In basing his new chamber opera on Miss Julie, the ground-breaking drama that August Strindberg dashed off in a fortnight in 1888, the Belgian composer Philippe Boesmans joins a long queue of people mesmerised by its tormented, proto-feminist heroine. Kenneth MacMillan built a ballet round her; Maggie Smith and Helen Mirren have played her on stage; Frank McGuinness and Patrick Marber have penned translations; at least three composers have already turned her story into an opera.
Adumbrating Lady Chatterley, Strindberg's heroine falls for a rough servant, but she goes one better by taking her own life rather than face disgrace when the chips are down. She's a case study in paranoia, and at the same time the product of her creator's fevered imagination: Strindberg projected onto her both his own jealous fantasies – his wife played Miss Julie opposite an actor he thought was cuckolding him – and also his now very un-PC horror of liberated women. But he also admired that she slits her wrists: what he called "the nobleman's hara-kiri, the Japanese law of inner conscience".

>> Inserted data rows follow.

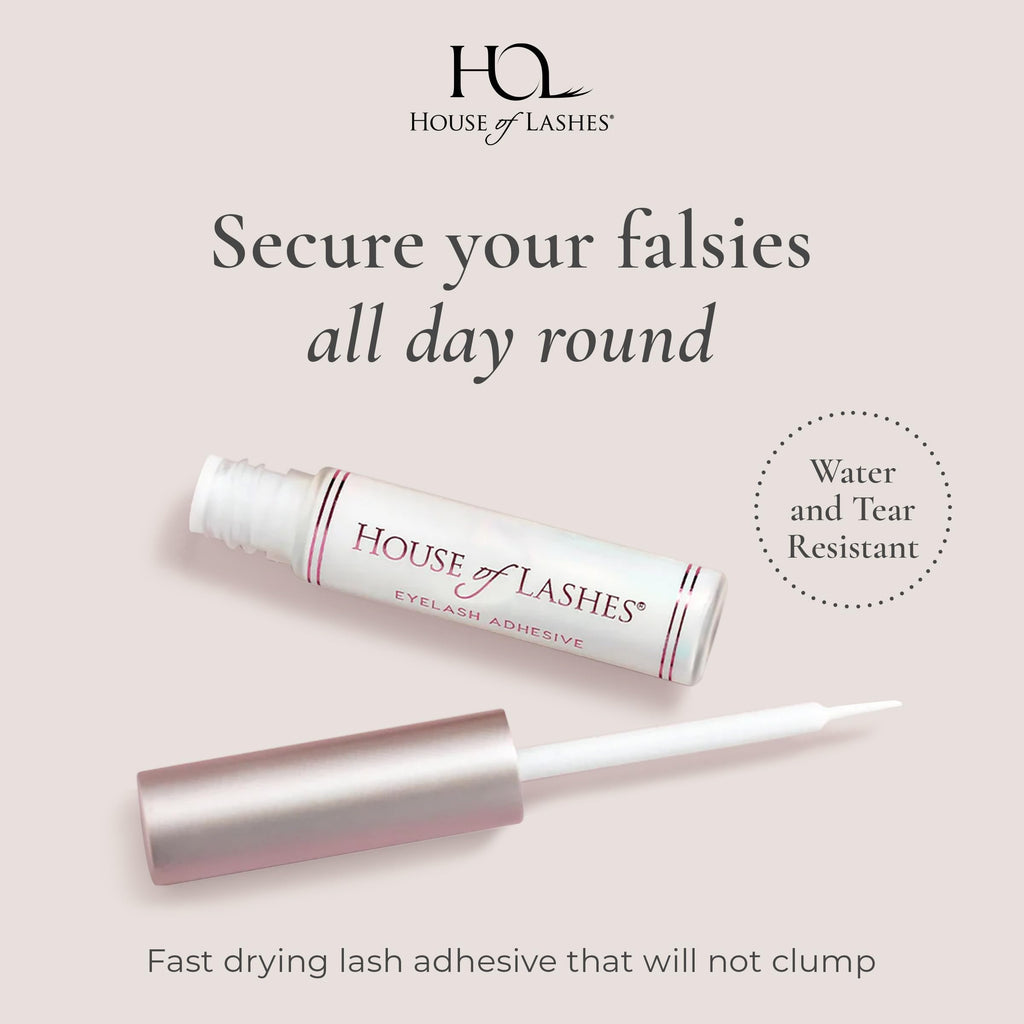 House of Lashes Eyelash Glue – Latex-Free for Sensitive Eyes, All-Day Hold, Clear Finish, 2 Count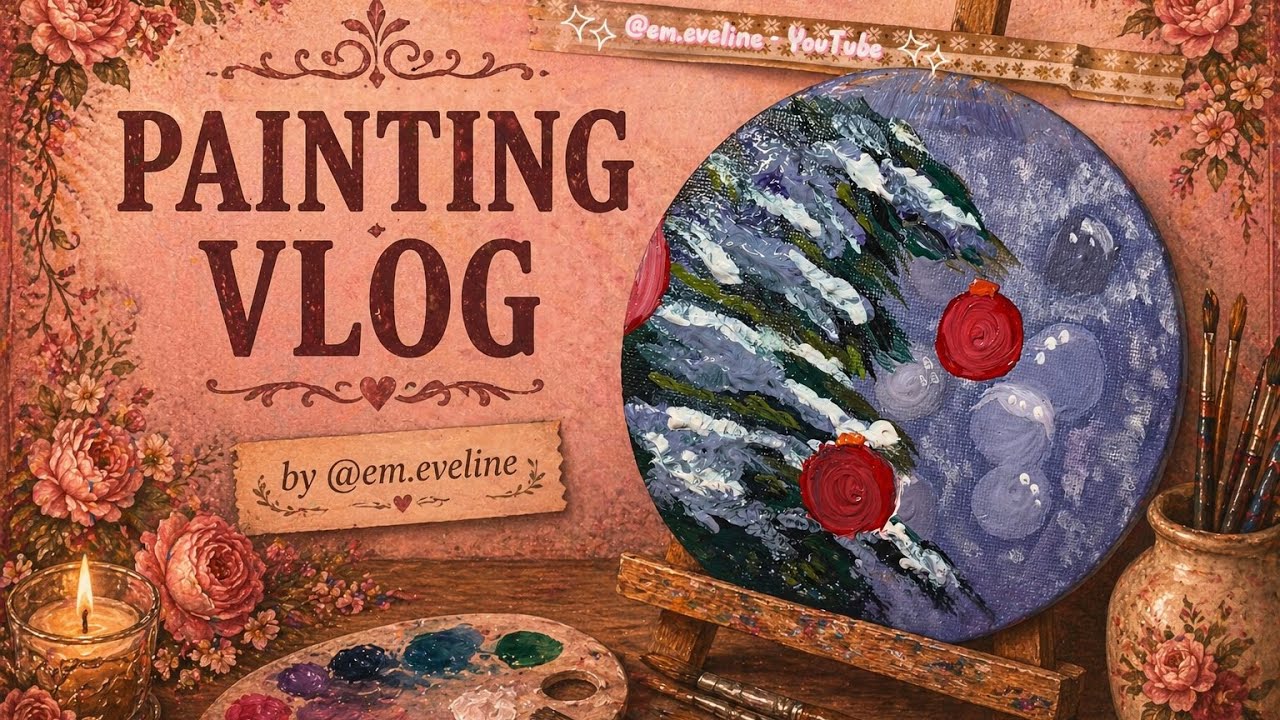 Paint with me (2nd vlog) / speed up / Christmas themed / easy, good for beginners 🎄🎨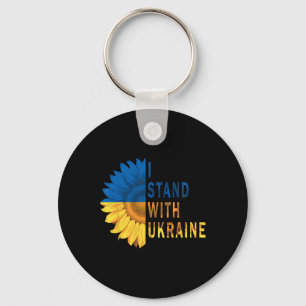 Sonnenblumen Ukraine Flagge Shirts Ich stehe mit d Schlüsselanhänger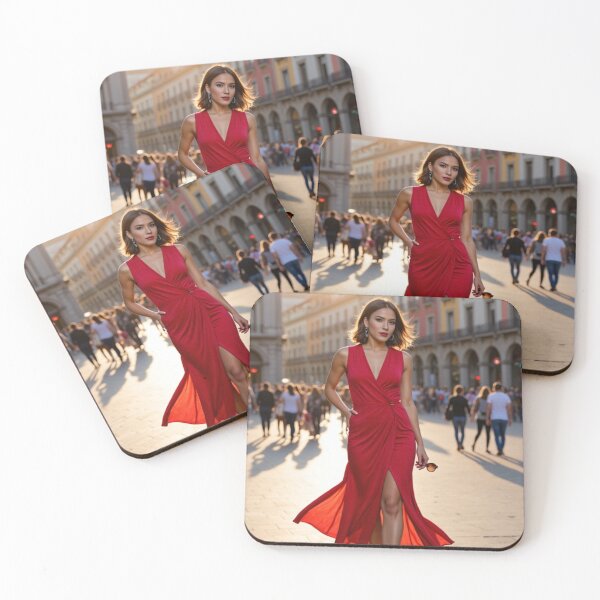 Item preview, Flaming Elegance – Long Red Dress in Madrid designed and sold by MetaModel Studio.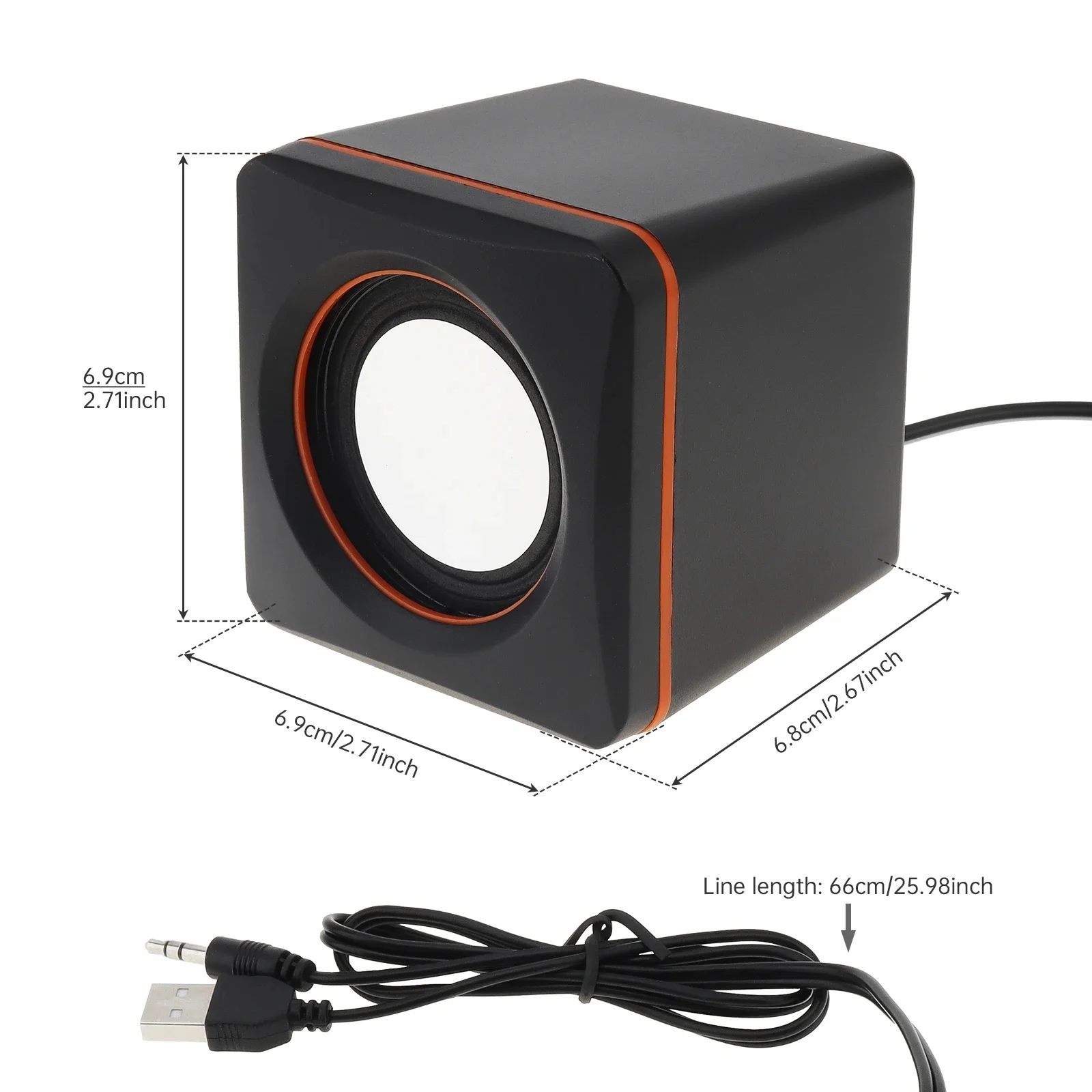 101Z USB 2.0 مكبرات صوت صغيرة محمولة للكمبيوتر مع مقبس استريو 3.5 ملم ومزودة بمنفذ USB للكمبيوتر المحمول والهواتف الذكية #3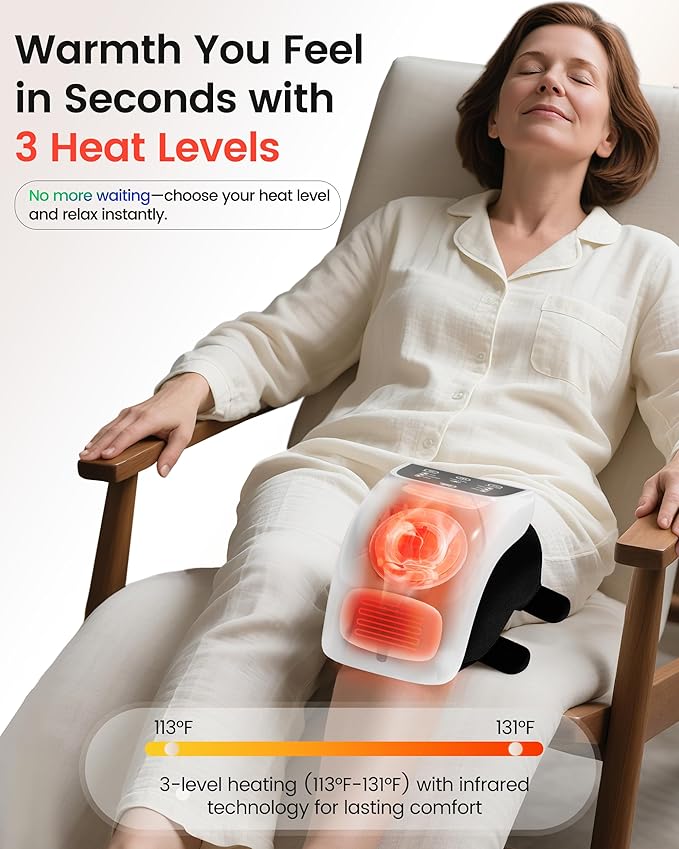 CILI Cordless Knee Massager with Heat &amp VibrationRed Light Knee Massager for Pain ReliefHeated Knee Brace with 3 Heat &amp 3 Vibration Levels Heating Pad for Knee PainGifts for WomenMen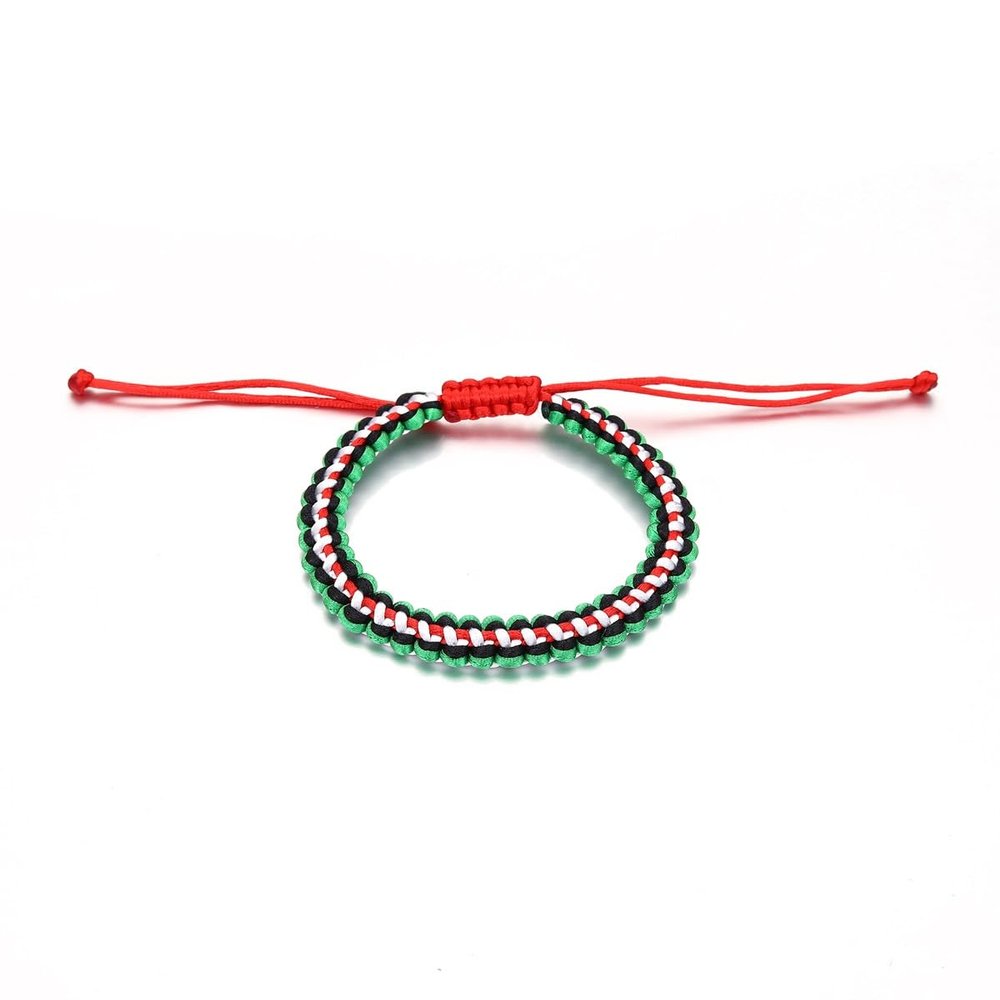 Huangshanshan Palestine Flag String Bracelet Red Black White Green Rope Braided Bangle (5343 gold)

Michael McCarthy's production for Music Theatre Wales unfolds at the servants' quarters of a stately home. Boesmans takes his cue from Strindberg's requirement that the acting should be naturalistic, but he doesn't deal in set-piece arias and duets: his mode is conversational, with events unfolding in a sequence of short, terse episodes.
His music is obliquely tonal, with hints of Mahler at luridly climactic moments, and echoes of the Thirties French film composer Georges Auric. He underscores the drama suggestively, for example letting the strings echo the detumescence of the lovers after their doomed clinch. As performed by contralto Arlene Rolph as Julie and baritone Andrew Rupp as her valet Jean, that clinch is powerfully erotic. Along with soprano Emma Gane as a girlish maid, all three performers are well up to the score's demands.
The story moves with a sure pace: its closing image of suicide is a moment of quintessentially Japanese delicacy and restraint. This work may be more music-theatre than opera, but it has an unusual purity and integrity of purpose.